Sydney Living Museums
Hyde Park Barracks

Image © James Horan for Sydney Living Museums

Sydney, Australia

2020

Situated in the heart of historic Sydney is an extraordinary living record of early colonial Australia. Now a UNESCO Heritage Site, Hyde Park Barracks was originally built to house convicts. Following extensive restoration work, today it is an innovative, immersive history museum.

Units

24

Completed in 1819, the barracks were designed as accommodation for convicts transported primarily from Britain. In fact the building’s architect, Francis Greenway, was also a convict – but his design for the building earned him a full pardon from the Governor of New South Wales. The building later served a variety of other functions: asylum, mint, law courts and government offices were among its uses.

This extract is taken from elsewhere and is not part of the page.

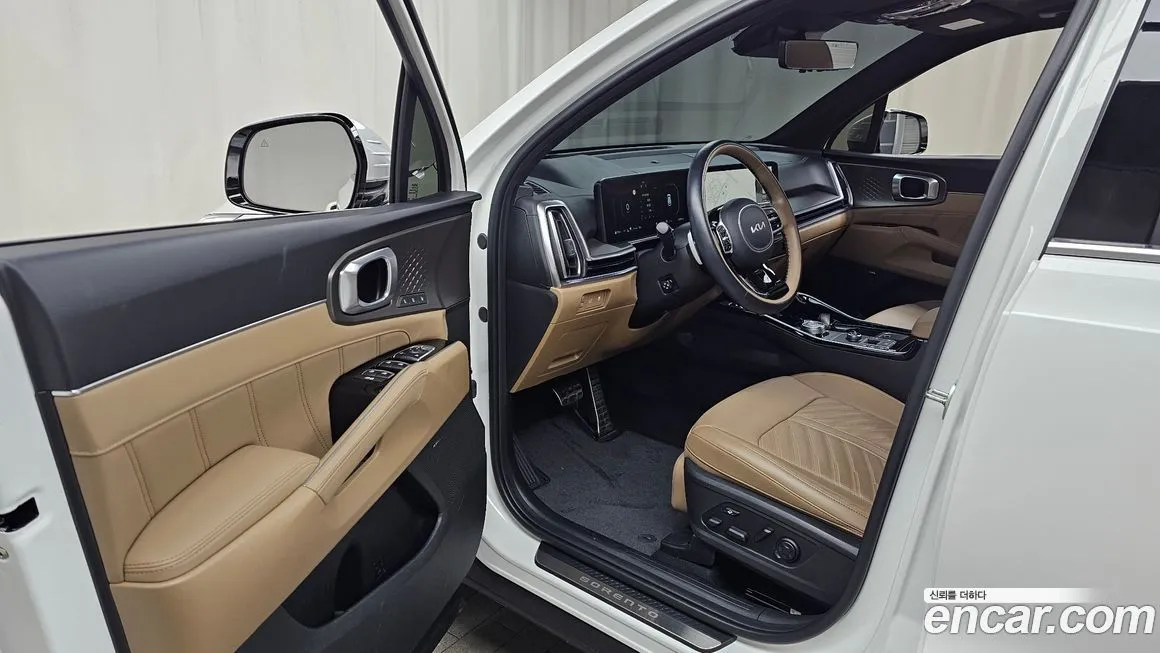 Kia Sorento — фото 10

The specter of tragedy settled on the building in 1848, when it was repurposed as an immigration depot for women. More than 2,000 orphan girls – survivors of the Irish Famine – were housed there in the following four years, bringing a legacy of grief and suffering, but also the hopes of a better life in Australia.

Image © James Horan for Sydney Living Museums

Image © James Horan for Sydney Living Museums

Over the following 40 years, further Government-assisted passage schemes brought thousands of other vulnerable women through the doors. The upper floor became an asylum, housing the aged, destitute and mentally ill in what became increasingly overcrowded dormitories, before the entire complex was repurposed as the seat of local law and government during the 1880s.

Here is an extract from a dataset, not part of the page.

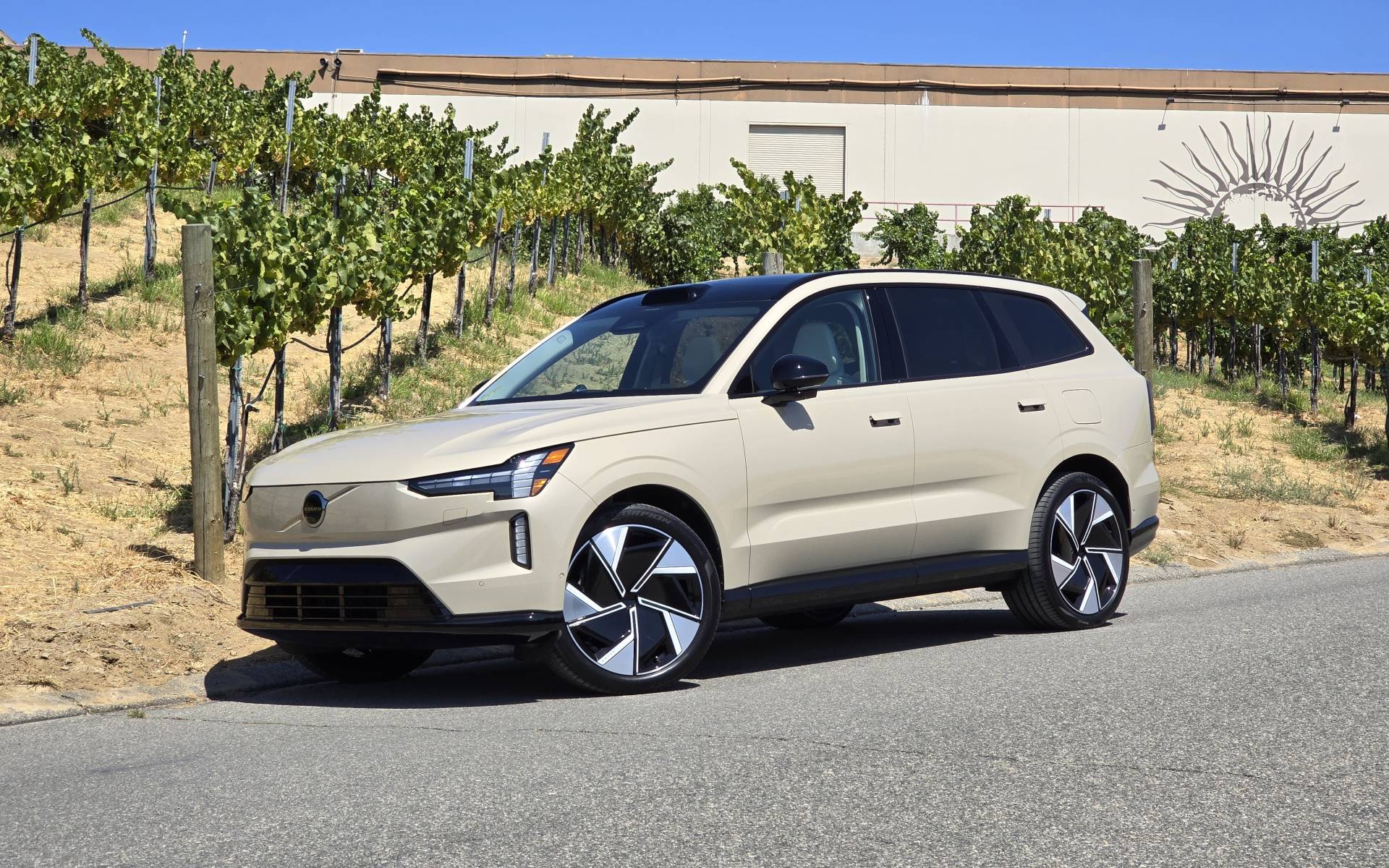 Top Luxury Cars in 2025: Expert Picks for Premium Performance & Style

The Museum’s exhibition retraces these many different phases and uses of the site, revealing its storied history. Objects on display include items used by some of the many thousands of people who have passed through or worked there over the past 200 years. To house this collection, Goppion has provided 24 showcases of different shapes and sizes, some of them are specially integrated to fit harmoniously with particular structures within the gallery spaces.

Image © James Horan for Sydney Living Museums

Image © James Horan for Sydney Living Museums

Some of the showcases also have a symbolic component to their design: they evoke the shape of beds, referencing the original purpose of the Barracks, and the many people who have stayed in the complex during its long and checkered history.

All Goppion showcases belong to our distinct, frameless Q Class. The project has given particular impetus to the development of the Qh1 to Qh2 showcases, horizontal showcases that provide top-down viewing.

Like most historic buildings, the Barracks presented Goppion with challenges. Access to the upper floors was difficult, with stairs being the only access. For this reason it was necessary to assemble most of the showcases directly in the Museum.